What in the world were they doing in Yorktown?  I never knew my grandmother to go anywhere much except town and church, and sometimes she took the Greyhound bus to Knoxville to go shopping at Miller’s on Gay Street.  I don’t know much about Great-Aunt Becky except that her name was really Gladys, and she had been married several times.  Once when I was a little girl, she came on a visit to stay with my grandmother.  I think she smoked, and I’m sure she could knit.  Once she sent a little red cardigan sweater that fastened with one pearl-like button at the neckline.  I thought that was a silly design.  What good is one button?  A fashion plate I was not, but I certainly could get dirty, what with my tomboy leanings.  What good was a sweater that you couldn’t button up tight against the cold? 

My best guess is that Grandma actually went on a trip to visit Aunt Becky, maybe on her Greyhound bus.  I would like to say that Aunt Becky lived in Norfolk, Virginia, but I’m just not sure. 

And WHO TOOK THIS PICTURE?  And WHY DOES THIS BOTHER ME SO MUCH that I don’t know these things?  Inquiring minds want to know!

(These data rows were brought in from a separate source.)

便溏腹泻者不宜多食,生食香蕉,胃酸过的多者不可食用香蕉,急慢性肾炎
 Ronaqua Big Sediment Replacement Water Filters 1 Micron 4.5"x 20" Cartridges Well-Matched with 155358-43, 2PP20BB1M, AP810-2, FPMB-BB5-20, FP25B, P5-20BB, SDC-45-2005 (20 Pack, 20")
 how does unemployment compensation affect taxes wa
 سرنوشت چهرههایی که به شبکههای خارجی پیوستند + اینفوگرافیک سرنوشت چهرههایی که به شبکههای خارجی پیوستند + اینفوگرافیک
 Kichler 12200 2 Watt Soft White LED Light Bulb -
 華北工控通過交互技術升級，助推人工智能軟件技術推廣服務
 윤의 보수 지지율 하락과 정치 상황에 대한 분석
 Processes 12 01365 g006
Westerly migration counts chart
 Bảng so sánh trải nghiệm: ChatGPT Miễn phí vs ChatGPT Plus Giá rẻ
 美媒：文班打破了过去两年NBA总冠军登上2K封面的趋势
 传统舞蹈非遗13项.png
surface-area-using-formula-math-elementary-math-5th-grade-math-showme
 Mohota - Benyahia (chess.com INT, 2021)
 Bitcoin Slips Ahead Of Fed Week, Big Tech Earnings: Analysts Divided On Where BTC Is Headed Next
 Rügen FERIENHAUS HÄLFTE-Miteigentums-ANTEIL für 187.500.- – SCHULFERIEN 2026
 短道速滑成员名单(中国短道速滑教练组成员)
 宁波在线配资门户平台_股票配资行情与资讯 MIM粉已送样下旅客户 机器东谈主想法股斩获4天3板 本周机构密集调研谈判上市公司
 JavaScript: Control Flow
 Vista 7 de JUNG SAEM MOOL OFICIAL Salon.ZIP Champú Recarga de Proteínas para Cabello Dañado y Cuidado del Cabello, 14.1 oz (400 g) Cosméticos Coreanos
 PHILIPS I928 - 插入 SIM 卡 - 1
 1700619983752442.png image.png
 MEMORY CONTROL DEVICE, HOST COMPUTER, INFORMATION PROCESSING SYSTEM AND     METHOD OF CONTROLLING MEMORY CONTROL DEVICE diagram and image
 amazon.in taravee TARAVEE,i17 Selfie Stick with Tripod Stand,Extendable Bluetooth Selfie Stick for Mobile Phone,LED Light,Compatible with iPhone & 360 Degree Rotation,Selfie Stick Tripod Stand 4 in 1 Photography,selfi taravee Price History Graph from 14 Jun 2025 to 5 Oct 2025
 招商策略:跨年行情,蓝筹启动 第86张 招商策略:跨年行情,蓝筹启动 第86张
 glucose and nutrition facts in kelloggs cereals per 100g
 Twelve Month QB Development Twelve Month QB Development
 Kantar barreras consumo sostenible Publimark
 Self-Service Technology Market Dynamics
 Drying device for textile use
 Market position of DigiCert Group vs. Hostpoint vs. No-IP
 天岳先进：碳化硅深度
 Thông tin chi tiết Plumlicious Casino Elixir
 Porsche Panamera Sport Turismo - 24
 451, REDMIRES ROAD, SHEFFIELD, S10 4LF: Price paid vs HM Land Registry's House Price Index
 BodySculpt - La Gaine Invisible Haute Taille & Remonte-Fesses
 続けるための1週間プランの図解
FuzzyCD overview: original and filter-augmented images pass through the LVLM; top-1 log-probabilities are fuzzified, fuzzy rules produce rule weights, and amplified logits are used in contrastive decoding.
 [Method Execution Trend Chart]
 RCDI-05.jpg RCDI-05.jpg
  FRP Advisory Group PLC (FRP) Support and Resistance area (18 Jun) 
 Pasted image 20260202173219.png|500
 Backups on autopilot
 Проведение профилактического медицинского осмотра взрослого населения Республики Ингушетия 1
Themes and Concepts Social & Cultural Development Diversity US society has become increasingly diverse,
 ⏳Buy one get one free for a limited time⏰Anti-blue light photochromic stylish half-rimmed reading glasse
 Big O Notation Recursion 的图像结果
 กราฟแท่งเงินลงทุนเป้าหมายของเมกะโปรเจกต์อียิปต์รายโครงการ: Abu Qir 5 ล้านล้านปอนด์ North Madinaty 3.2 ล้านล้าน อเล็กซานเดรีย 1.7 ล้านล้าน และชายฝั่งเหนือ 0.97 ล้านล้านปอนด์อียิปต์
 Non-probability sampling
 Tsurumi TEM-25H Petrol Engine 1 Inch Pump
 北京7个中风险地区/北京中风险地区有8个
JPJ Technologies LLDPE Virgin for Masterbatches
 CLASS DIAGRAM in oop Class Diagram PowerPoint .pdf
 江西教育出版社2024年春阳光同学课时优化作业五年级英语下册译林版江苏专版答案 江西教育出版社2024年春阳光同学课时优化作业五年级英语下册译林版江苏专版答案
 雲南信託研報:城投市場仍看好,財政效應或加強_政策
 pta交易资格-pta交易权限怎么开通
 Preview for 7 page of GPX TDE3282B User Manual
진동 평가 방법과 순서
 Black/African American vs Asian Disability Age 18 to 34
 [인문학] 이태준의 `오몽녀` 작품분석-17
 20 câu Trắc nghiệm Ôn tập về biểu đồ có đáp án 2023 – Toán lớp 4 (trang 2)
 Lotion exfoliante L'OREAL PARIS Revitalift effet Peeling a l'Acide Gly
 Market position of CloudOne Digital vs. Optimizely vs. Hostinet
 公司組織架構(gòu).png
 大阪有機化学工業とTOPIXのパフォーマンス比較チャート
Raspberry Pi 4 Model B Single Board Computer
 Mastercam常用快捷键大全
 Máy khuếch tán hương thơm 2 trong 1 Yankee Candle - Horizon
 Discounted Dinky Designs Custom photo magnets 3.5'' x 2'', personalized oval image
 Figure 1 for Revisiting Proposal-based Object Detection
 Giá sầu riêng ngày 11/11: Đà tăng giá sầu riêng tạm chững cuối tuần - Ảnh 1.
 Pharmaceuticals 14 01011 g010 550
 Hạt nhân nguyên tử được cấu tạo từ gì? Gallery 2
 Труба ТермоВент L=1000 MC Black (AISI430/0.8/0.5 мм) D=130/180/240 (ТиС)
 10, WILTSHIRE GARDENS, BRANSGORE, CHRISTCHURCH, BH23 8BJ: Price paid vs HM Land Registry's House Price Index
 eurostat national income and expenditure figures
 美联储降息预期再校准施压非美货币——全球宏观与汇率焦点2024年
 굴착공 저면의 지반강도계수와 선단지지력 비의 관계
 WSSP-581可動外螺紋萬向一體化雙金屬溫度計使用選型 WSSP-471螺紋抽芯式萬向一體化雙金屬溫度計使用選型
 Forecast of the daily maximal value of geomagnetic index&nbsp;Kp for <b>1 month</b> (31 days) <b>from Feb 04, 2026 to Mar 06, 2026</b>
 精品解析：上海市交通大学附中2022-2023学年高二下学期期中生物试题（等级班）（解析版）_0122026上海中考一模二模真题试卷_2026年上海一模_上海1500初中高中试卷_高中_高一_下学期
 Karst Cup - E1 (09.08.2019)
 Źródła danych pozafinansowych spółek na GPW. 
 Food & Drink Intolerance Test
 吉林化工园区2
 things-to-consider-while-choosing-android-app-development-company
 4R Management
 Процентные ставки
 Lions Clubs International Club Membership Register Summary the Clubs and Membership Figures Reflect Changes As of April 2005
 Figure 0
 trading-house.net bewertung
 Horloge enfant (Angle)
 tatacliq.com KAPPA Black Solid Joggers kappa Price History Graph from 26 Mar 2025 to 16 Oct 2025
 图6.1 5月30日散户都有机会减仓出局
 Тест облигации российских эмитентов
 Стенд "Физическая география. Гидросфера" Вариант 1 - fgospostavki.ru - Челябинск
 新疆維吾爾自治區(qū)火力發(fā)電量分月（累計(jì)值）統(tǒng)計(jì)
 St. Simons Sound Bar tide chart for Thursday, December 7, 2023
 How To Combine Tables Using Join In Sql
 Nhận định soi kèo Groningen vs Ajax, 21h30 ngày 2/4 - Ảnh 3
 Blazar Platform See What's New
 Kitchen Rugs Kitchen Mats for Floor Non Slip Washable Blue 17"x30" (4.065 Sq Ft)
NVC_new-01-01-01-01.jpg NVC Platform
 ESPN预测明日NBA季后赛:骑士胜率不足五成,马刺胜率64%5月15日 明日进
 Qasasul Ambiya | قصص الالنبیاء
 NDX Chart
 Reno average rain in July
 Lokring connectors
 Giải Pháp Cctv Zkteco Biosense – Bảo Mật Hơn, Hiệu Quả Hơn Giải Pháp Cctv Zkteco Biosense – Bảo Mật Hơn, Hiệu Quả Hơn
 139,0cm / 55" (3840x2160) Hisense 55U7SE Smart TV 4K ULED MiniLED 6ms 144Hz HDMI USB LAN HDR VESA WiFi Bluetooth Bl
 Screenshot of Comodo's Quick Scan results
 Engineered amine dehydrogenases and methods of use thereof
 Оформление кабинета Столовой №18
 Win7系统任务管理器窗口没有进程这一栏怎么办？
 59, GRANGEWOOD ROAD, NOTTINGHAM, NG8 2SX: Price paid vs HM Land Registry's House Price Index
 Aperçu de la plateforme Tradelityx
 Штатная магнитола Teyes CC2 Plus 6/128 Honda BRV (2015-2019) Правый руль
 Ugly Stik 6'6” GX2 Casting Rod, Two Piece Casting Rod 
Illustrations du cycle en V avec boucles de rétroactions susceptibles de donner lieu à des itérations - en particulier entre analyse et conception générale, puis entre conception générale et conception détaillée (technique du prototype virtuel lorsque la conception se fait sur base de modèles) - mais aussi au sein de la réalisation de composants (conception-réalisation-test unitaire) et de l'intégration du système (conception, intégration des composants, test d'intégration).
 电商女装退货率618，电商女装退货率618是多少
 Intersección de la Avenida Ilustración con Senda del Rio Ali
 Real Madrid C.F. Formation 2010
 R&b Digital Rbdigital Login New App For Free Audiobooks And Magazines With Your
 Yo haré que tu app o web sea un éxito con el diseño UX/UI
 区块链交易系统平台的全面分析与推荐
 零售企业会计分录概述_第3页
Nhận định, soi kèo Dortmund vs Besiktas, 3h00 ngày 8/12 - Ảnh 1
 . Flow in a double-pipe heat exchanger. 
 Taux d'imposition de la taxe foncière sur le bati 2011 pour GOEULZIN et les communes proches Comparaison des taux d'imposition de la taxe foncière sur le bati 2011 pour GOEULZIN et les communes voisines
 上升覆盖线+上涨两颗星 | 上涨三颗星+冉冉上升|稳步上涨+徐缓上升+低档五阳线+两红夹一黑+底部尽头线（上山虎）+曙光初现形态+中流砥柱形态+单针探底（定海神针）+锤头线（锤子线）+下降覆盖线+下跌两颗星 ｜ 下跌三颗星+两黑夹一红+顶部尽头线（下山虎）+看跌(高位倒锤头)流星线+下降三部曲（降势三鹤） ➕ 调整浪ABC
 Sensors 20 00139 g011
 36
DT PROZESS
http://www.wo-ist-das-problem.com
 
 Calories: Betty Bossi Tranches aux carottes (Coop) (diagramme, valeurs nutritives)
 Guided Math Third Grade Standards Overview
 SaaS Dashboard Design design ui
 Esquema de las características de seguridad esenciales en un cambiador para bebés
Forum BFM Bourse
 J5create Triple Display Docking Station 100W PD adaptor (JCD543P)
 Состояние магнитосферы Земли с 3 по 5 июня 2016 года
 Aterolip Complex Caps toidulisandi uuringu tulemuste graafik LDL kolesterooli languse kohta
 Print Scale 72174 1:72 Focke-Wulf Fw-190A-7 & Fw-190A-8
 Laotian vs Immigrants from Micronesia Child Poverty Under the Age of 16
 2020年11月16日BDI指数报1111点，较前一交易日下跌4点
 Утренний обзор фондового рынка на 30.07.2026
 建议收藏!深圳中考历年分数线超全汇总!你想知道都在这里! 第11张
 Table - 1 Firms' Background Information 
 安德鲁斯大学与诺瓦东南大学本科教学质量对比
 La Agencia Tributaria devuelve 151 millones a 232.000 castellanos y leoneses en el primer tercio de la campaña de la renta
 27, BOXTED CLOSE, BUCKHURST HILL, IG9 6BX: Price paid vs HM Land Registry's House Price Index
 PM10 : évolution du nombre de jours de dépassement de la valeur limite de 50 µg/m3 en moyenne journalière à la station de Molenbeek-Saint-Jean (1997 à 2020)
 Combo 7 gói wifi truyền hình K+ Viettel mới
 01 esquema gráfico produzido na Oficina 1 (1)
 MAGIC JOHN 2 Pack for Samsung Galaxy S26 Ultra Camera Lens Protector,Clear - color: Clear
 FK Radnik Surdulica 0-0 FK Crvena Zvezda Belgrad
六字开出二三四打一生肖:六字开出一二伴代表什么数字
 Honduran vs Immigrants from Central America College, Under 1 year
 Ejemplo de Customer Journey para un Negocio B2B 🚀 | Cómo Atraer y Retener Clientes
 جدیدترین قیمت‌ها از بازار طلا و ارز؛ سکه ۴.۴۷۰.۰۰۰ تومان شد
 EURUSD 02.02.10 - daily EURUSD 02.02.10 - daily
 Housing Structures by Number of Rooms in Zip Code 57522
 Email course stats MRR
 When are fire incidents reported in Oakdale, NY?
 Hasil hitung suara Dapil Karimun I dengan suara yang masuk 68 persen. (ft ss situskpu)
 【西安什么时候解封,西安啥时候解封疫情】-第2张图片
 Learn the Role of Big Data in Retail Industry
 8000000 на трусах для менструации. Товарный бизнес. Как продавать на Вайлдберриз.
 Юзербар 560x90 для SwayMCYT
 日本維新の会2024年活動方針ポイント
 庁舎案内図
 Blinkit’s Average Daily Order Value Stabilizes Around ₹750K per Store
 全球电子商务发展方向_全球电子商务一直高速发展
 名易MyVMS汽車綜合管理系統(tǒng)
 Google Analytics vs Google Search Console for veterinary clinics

Get Ready for King’s Mountain!

October 4, 2009

The battle opened on October 7, 1780, around 3 pm when 900 Patriots (including my 5th great-grandfather Josias Gamble), approached the steep base of King’s Mountain at dawn. The rebels formed eight groups of 100 to 200 men. Two parties, led by Colonels John Sevier and William Campbell, assaulted the ‘high heel’ of the wooded mountain, the smallest area but highest point, while the other seven groups, led by Colonels Shelby, Williams, Lacey, Cleveland, Hambright, Winston and McDowell attacked the main Loyalist position by surrounding the ‘ball’ base beside the ‘heel’ crest of the mountain.  The Patriots crept up the hill and fired on the Loyalists from behind rocks and trees. Ferguson rallied his troops and launched a bayonet charge against Campbell and Sevier’s men. With no bayonets of their own, the rebels retreated down the hill and into the woods. Campbell rallied his troops, returned to the base of the hill, and resumed firing. Ferguson launched two more bayonet charges during the course of the battle. During one of the charges, Colonel Williams was killed and Colonel McDowell wounded. However, after each charge the Patriots returned to the base of the hill and resumed firing. It was hard for the Loyalists to find a target because the Patriots were constantly moving using cover and concealment. After an hour of combat, Loyalist casualties were heavy. Ferguson rode back and forth across the hill, blowing a silver whistle he used to signal charges. Growing desperate, he slipped on a plaid shirt to cover his officer’s coat. A soldier on one side or the other saw this and alerted his comrades immediately. At the crest, as the Patriots overran the Loyalist position, Ferguson fell dead from his saddle with eight rifle balls in his body. Seeing their leader fall, the Loyalists began to surrender. Eager to avenge defeats at the Waxhaw Massacre and elsewhere, the rebels did not initially want to take prisoners. Rebels continued firing and shouted, “Give ’em Tarleton’s Quarter!” After a few more minutes of bloodletting, the Colonials asserted control and gave quarter to around 700 Loyalists.